He authored California's Amber Alert legislation, Safe Surrender for Newborns and ocean water quality legislation to protect Huntington Beach's coastline and marine life.

He was also the Republican lead in an investigation into corruption at the Department of Insurance.

Prior to serving in the legislature, he served on the Garden Grove City Council. Maddox was on the City Council during major resort developments along the Harbor Corridor south of Disneyland. He was also involved in the construction of an education center and the recruitment of national restaurant chains to the area.

Maddox's term limit as a California State Assemblyman was reached in 2004.

==Post-Assembly career==

===2006 Senate Race===
He lost a State Senate primary in 2004 to John Campbell, an Assemblyman from a neighboring district. Maddox got 30% of the vote in the primary compared to Campbell's 61% of the vote.

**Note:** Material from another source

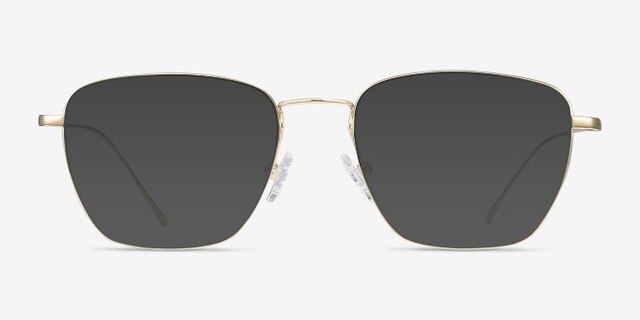Future Golden TitaniumEyeglass Frames from EyeBuyDirect, with Tinted Lenses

Maddox considered running for lieutenant governor in 2006 but ultimately did not.

===Board of Equalization===
Maddox became Senior Advisor on Legislation and Tax Policy for State Board of Equalization Member Michelle Steel in 2007.

===School Board===
In 2008, he was elected to a seat on the Board of Trustees of the Capistrano Unified School District after the incumbent was removed by the electorate in a recall election. The Capistrano Unified School District was the highest performing large school district in the state during his tenure on the Board. He served on the board of trustees for two years.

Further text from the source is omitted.